It takes less than minute after entering to understand that Prairie is neither your typical Italian restaurant, nor your typical restaurant in general. The opening item on the food menu is — mochi. Yes, mochi. Meanwhile, upon noticing that curveball, the host or hostess will inform you that the ordering process is done with the pencil on the table and accompanying ordering card with each menu item listed in abbreviated form. Then you just simply put the card in a slot at the edge of the table and a server will swing by to pick it up. It’s a checklist style of selecting the course of action for your meal, resembling how many yakitori or dim sum establishments ask for diners to order. Via this method, the generally long, rambling ordering ordeal of diners muttering “we’ll have the halibut, wait, no, the steak, or actually we can’t decide; hold on” is eliminated. The fuss is gone.

This sets the tone for the debut solo brick-and-mortar restaurant from Anthony Strong, one of San Francisco’s leading authorities on Italian cooking — an Iowa-born, Le Bernardin (New York) and Delfina-trained chef who isn’t one to follow the hard-and-fast rules of a particular cuisine or the customs of fine dining at the Mission’s newly opened Prairie.

“Take the fussiness out of it” is something that you’ll hear Strong say again and again, whether he is referring to fine dining food or fine dining service. He wants everyone to dig in, pour the wine and just get lost in the moment. In a city where every restaurant is constantly under the “everyone thinks they are a critic” spotlight, why not have diners, you know, actually just dine and drink and talk?

So, that mochi gets wrapped in guanciale, then nestled in a radicchio leaf, and drizzled with some thick, aged balsamic vinegar for a $4 two-bite wallop that sends a Japanese izakaya standard (bacon-wrapped mochi) to the hills of Emilia Romagna. Elsewhere, a full pound of Salt Springs mussels is steamed with Prosecco and…nasturtium butter ($23), a fascinating use for a plant that is better known as a finishing flower garnish to the highest of high-end cuisine plates. Strong isn’t interested in how many likes your Instagram photos of his dishes will garner. He doesn’t even own tweezers for Prairie’s kitchen. He happily told us, “there are no flowers, swooshes and dots on our plates.” Instead of looking at the pretty flowers, he “smashes” them.

Strong is a disruptor. He doesn’t want this to be another Italian restaurant in a city full of Cal-Ital highlights. Each one is a bit different,so where does Prairie fall on the spectrum? The restaurant describes itself as “New-School Italian” which is really a way of saying a cuisine that is rooted in classic Italian and then lets its hair down.  As Strong puts it, for some dishes, “We’re just going to get straight to the damn point and do straight-up Italian food. And then in other things, we’re going all over the place.”

Chef/owner Anthony Strong. Photo courtesy of Prairie.

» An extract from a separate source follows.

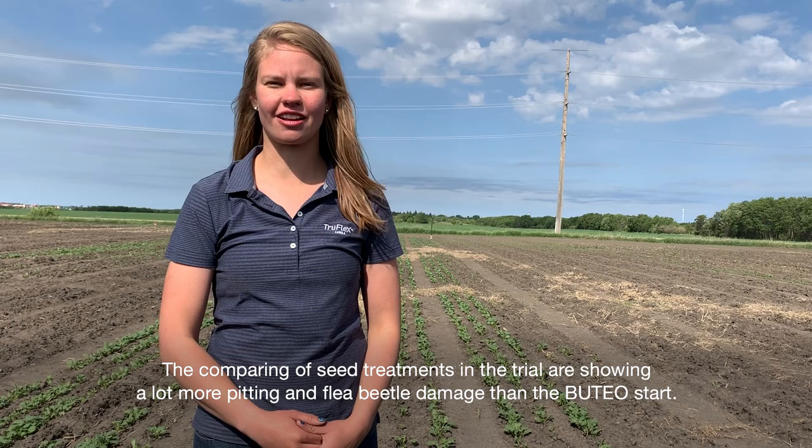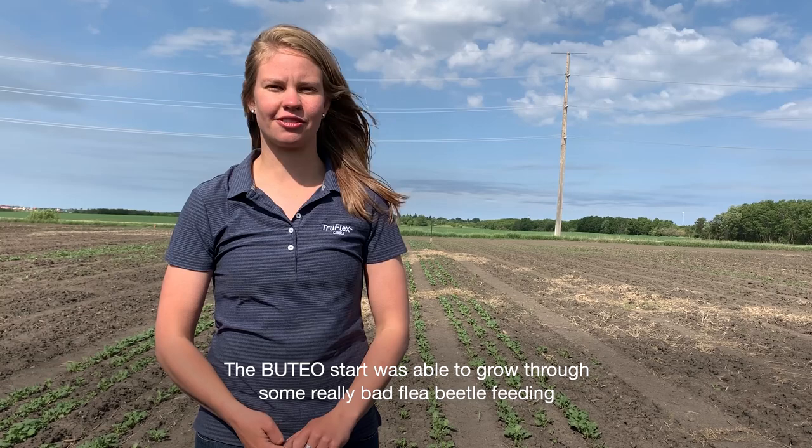The comparing seed treatments in the trial are showing a lot more pitting and flea beetle damage than the Uteo Start. The Uteo Start was able to grow through some really bad flea beetle feeding and is now showing less pitting and damage and will get a better growth during the season.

The guanciale-wrapped mochi and mussels are great examples of what this relentlessly forward-thinking chef is designing in the kitchen. Strong opens the food menu with a half-dozen antipasti, including the guanciale mochi, all of which are a world away from red sauce joints. As a nod to autumn, Fuyu persimmons partner with Urfa pepper (most commonly seen in Turkish or Arab cuisines) and pine nut miso ($8). Castelvetrano olives are dusted with a spicy Meyer lemon kosho ($7) — Italy, northern California and Japan all in one.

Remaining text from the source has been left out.